In strokes due to hemorrhage, the outlook is determined by the size and location of the bleeding. Generally when hemorrhaging produces a blood clot larger than 5 centimeters--about the size of an egg--the outlook is very poor.
The death rate within 30 days after a stroke is between 20 and 30 percent. In any type of stroke, the outlook depends upon the size and location. Stupor, coma, severe weakness, and difficulty moving the eyes indicate large strokes and therefore predict an unfavorable outcome. The person's functioning before the stroke is also a critical factor in determining her ultimate independence. Age by itself does not limit the potential for a good outcome, but it is a factor that contributes to a higher probability of coexisting illness and shorter survival.
People who have had strokes involving the brain stem or those who have had many strokes often have difficulty swallowing, detected through observation. Sometimes signs of the difficulty are subtle, and special X ray studies can be helpful in uncovering the problem. The person should not be fed until it is clear that regular feeding does not present an unacceptable risk of aspiration of food into the lungs.

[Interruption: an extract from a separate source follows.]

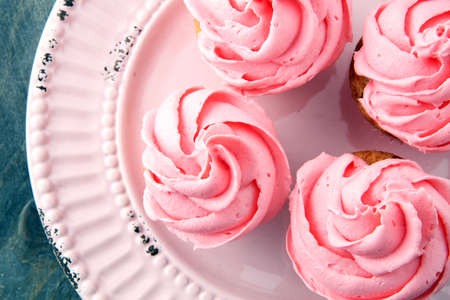 Tasty cupcakes on wooden background. Birthday cupcake in pink colorの写真素材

Depression that is caused by the stroke is a complication in up to 60 percent of people. If not treated, the depression may persist for many years following the stroke. It can interfere with appetite, sleep patterns, energy level, and extent of cooperation with rehabilitation. Treatment with antidepressant medications can improve performance and rehabilitation, increasing functional capacities. Specialized stroke rehabilitation units may not improve the final neurological problem in stroke victims, but they do appear to improve the person's ability to function. Functional independence is limited in people who have complete paralysis of one half of the body, problems with vision or perceptions, and severe brain stem involvement. Rehabilitation is discussed more completely in Chapter 8.
Meningitis is a bacterial or viral infection of the covering, or meninges (from the Greek and Latin, meaning "membrane"), around the brain and spinal cord.
In older people, meningitis is most often caused by bacteria and occasionally by viruses. Because of this, any older person who has signs of meningitis should be assumed to have bacterial meningitis until it is proven otherwise. Generally the organisms that cause meningitis in older people are the same as those in younger people. Other organisms can also cause older people to contract meningitis, and a thorough and careful assessment by the physician is always important.
Most older people show the typical features of meningitis: high fever, significant changes in mental function, headache, and a stiff neck. However, some people may not show these changes and may show only an unexplained low-grade fever, changes in mental function, or seizures. This is a serious medical problem and any older person suspected of having meningitis should see a physician right away.
The physician makes the diagnosis of meningitis after performing a spinal tap and examining the spinal fluid. The changes in the spinal fluid that are characteristic of meningitis do not differ in older people compared with younger people.
The treatment of bacterial meningitis depends upon the specific laboratory findings, but intravenous antibiotics are always necessary. People usually recover from meningitis if appropriate treatment is given promptly.